Review: The Man Who Broke Into Auschwitz

The Man Who Broke Into Auschwitz-cover - cover Author: Denis Avey Publisher: Hodder Published: 2011 Pages: 276 The internment camps of Nazi Germany are a well-known and reviled part of recent human history. Of those, Auschwitz is particularly notable. This book recollects the story of a young man who went to war, and wound up, bizarrely, breaking in to a prison camp.

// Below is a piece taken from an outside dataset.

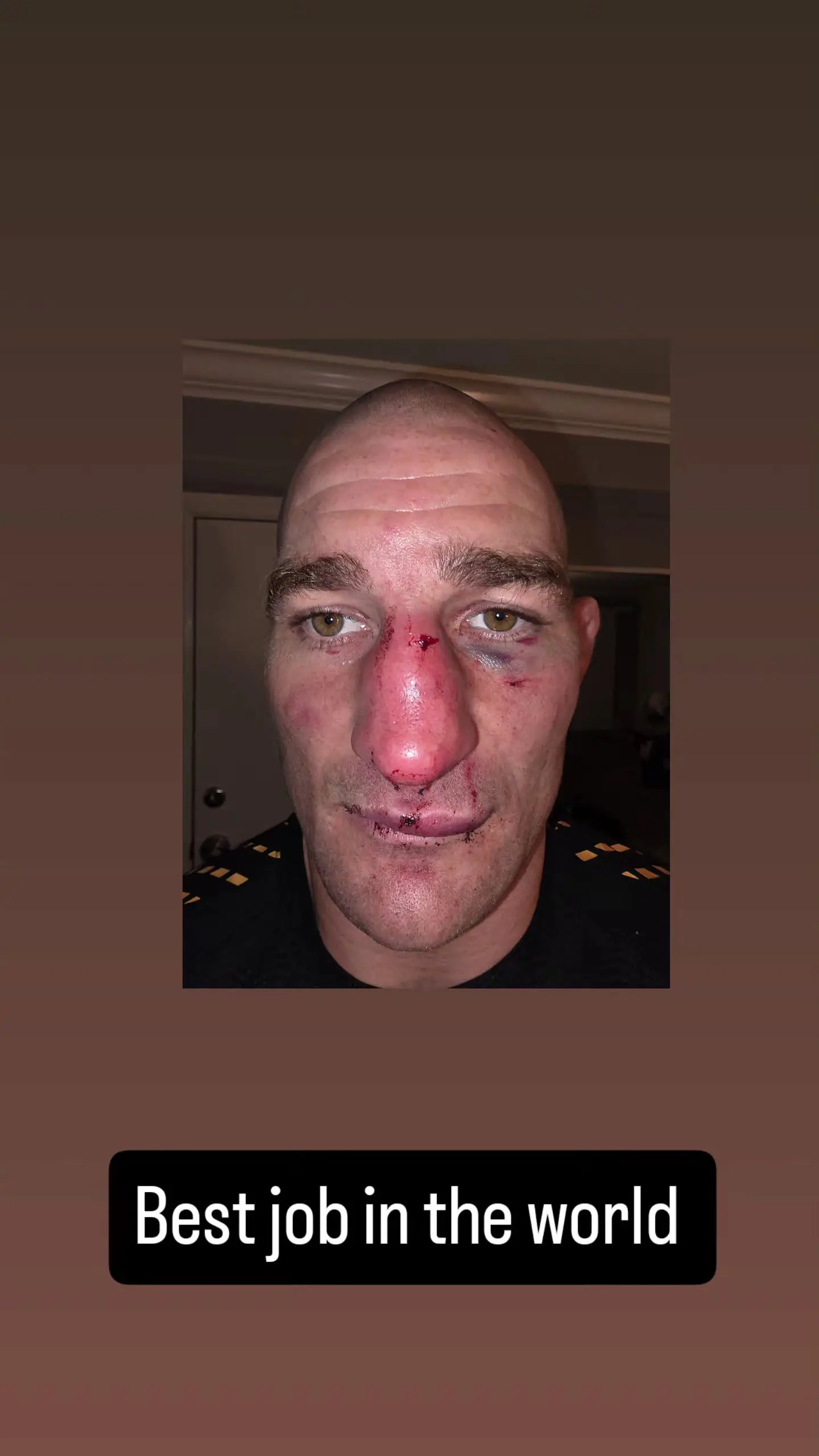 Sean Strickland's face following his UFC 328 win (Instagram)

* * *Denis Avey is both the book’s author and main character. The book is his way of retelling his experiences going into the war across the Atlantic, of battle in North Africa, and of life inside one of the internment camps. The journey starts off as expected, but eventually he switches places with a prisoner (this happens around halfway in). More accurately, he as a British

POW switches places with a Jewish prisoner (so the book’s title is slightly misleading, yet memorable). Avey recalls the treatment the Jewish prisoners received, the little food they received, and the work they were forced to do. Eventually Avey was able to escape the camp and after another harrowing journey found rescue. It took Avey a long time to be able to tell his story. Yet it has turned out quite illuminating of the conditions inside the camps. For anyone with an interest in World War 2 battles and in particular life inside internment camps, this book is worth a read. It is a bit slow sometimes, can be rather grim at other times, and yet in the end is very educational and moving.